One of those tricks is the elimination of special-function units like the integer multiplier and dividerthese chores are handled by the corresponding FP units, instead. Also, as one would expect, Silverthorne has very fine-grained dynamic clock gating. Portions of the chip are deactivated dynamically in response to the data size and functional demands of specific threads. The power overhead required for 64-bit code is reduced when running 32-bit code; the integer register file and execution stack contain power optimizations for this purpose.
Silverthorne also includes the same C states, or sleep states, as Penryn, as summarized in the diagram above. Like Penryn, it can flush all or part of its caches in the various intermediate states. As for the C6 “Deep power down” state, the Silverthorne guys readily admitted “we stole it from Penryn” and “embellished it.” “It was a collaboration.” This is the sleep state in which virtually the entire chip is shut down and the machine state is stored in an onboard SRAM.
The C6 state is so efficient because Silverthorne has split power planes. Of the chip’s 203 IOs, only 21 need to be awake in the C6 state. By putting these on separate power plane, the other 182 can be turned off, resulting in a large reduction in leakage power.

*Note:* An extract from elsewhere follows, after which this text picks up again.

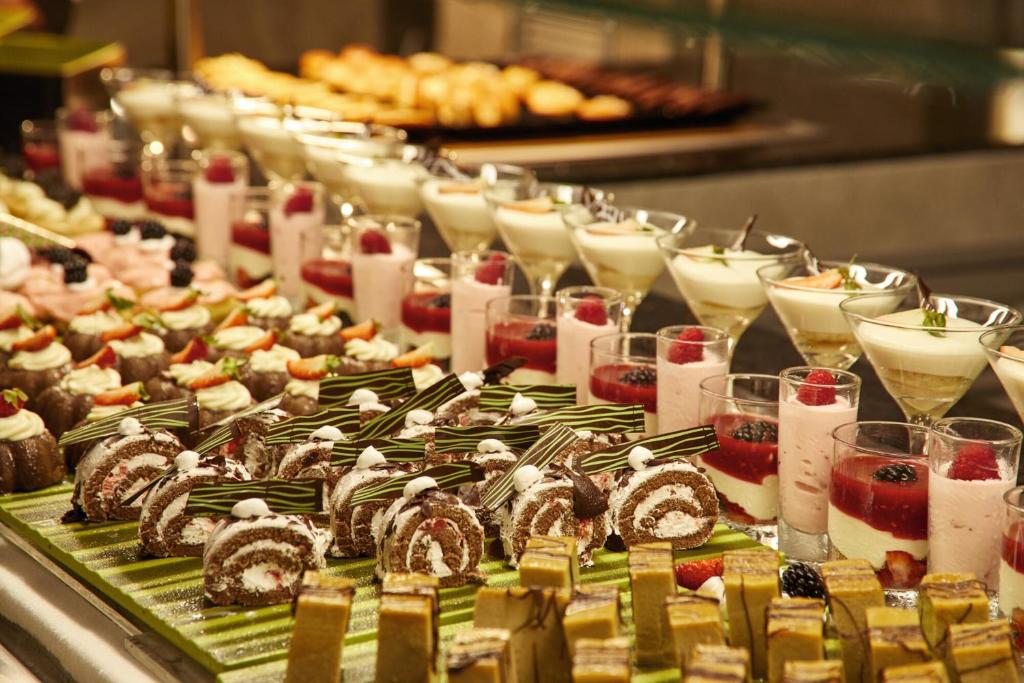 Izsmalcināts desertu bufete ar dažādiem saldumiem, ieskaitot šokolādes kūkas, krēmveida pudiņus un augļu desertus. Saldējumi un kūkas ir grezni sakārtoti, radot vilinošu un krāsainu skatu.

Interestingly, Silverthorne doesn’t warm its caches upon coming back from C6, but instead warms them on demand.
To give you some idea of the effectiveness of the various C states, Intel quoted some numbers from its own internal testing, with the C0 state as its base number. In C1, Silverthorne’s power consumption was 40% of the base. C4 was 12% of base, and C6 was just 1.6% of base. The firm estimates that a mobile Internet device might spend 80-90% of its time in C6, which is how Silverthorne achieves an average power consumption of around 220mW.

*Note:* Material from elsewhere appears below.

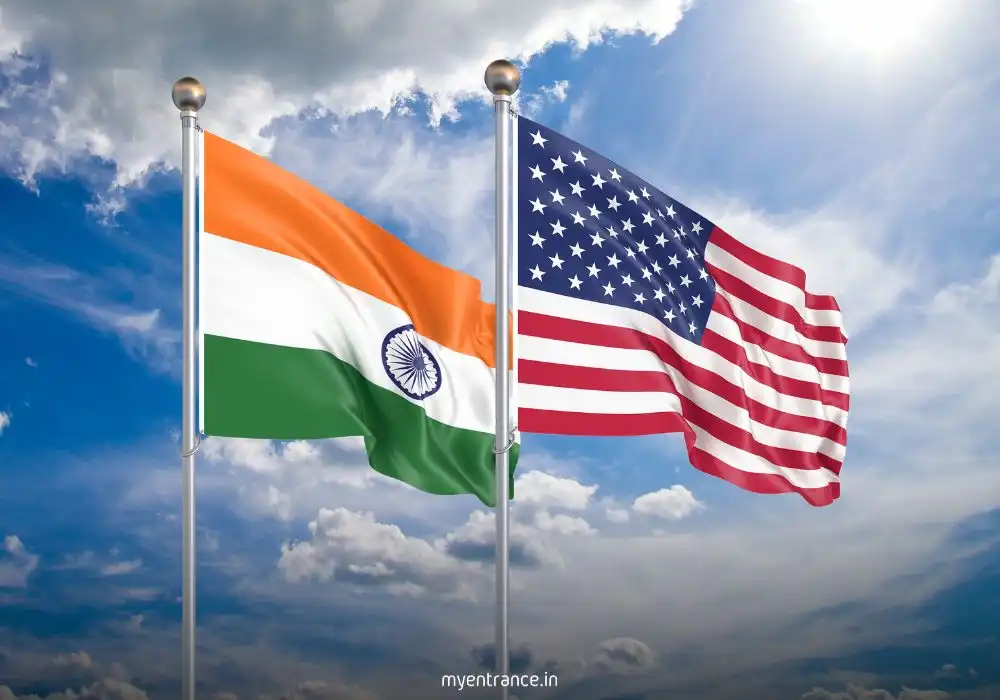 Indian and American diplomats shaking hands against flags, symbolizing resilient bilateral relations amidst trade tensions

Another optional power-saving measure in Silverthorne’s arsenal is the ability to run its front-side bus in CMOS mode rather than using the usual GTL signaling. Obviously, the SCH must support this mode, as well. Intel claims this measure can save between 200 and 500 mW of platform power.

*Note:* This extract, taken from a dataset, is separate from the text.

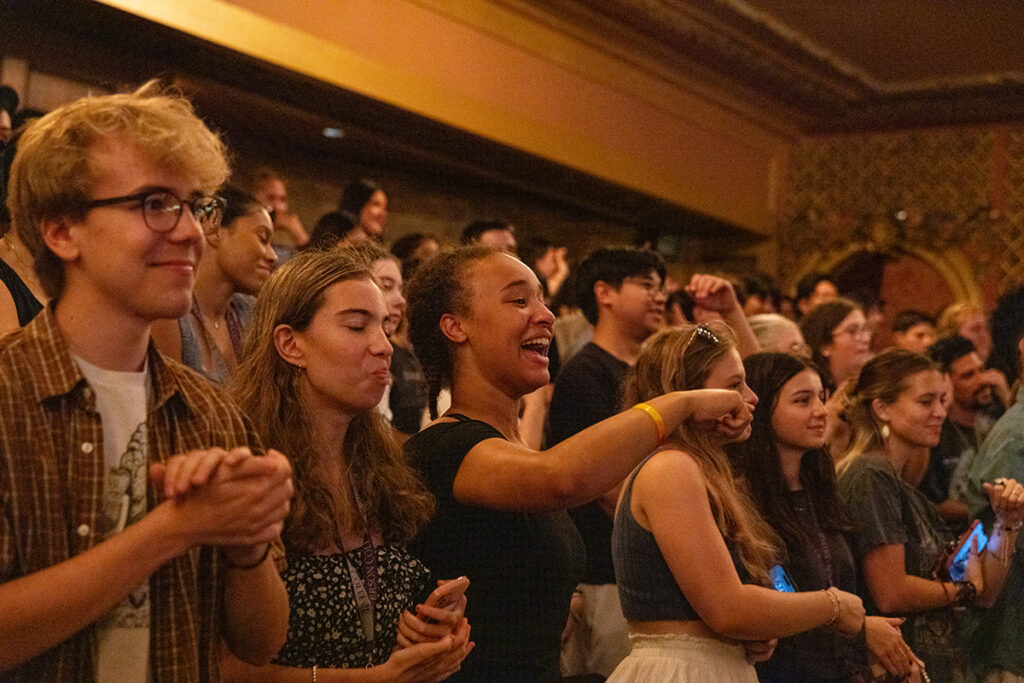 Students laugh, dance, cheer inside theater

If you care at all about the sort of low-cost and low-power computing devices that Silverthorne targets, it’s hard to not be excited about seeing Intel enter this market. The incumbent devices in these markets are too slow, too hot and power-hungry, too expensive, too proprietary, or some combination of those things. It doesn’t have to be that way, and Silverthorne’s interesting new design points the way to a better day, when mobile computing becomes ubiquitous and offers a truly satisfying user experience. Intel’s considerable resources in chip design, technology, and manufacturing should help make that day arrive sooner rather than later.
Yet I can’t help but think that day isn’t here yet. Despite a hint of cautious optimism about some of the Silverthorne-based MIDs we might see soon, I’m more or less convinced the Menlow platform is a little too large, too power-hungry, and too PC-centric to really deliver on Silverthorne’s potential. This is no great penetrating insight. The UMPC concept has flown like a rock, and even Intel admits the biggest opportunities here are in smart phones. Once Silverthorne-derived Moorestown system-on-a-chip arrives, then we’ll see the really sweet devices based on this processor technology come out of the woodwork.
Of course, I’d love to be proven wrong by a flood of desirable Menlow-based devices post-haste, like a variant of the upcoming Eee PC with an 8.9″ display, an Atom processor, and Wi-Max for $399. (Note to Asus: you know how to reach me.) We’ll be watching to see how the Menlow-based devices shape up. Meanwhile, Silverthorne’s biggest opportunity in the near term may be in lower-cost systems based on the Diamondville platform. Intel could sell a boatload of these things in the developing world, and that wouldn’t be a bad first step.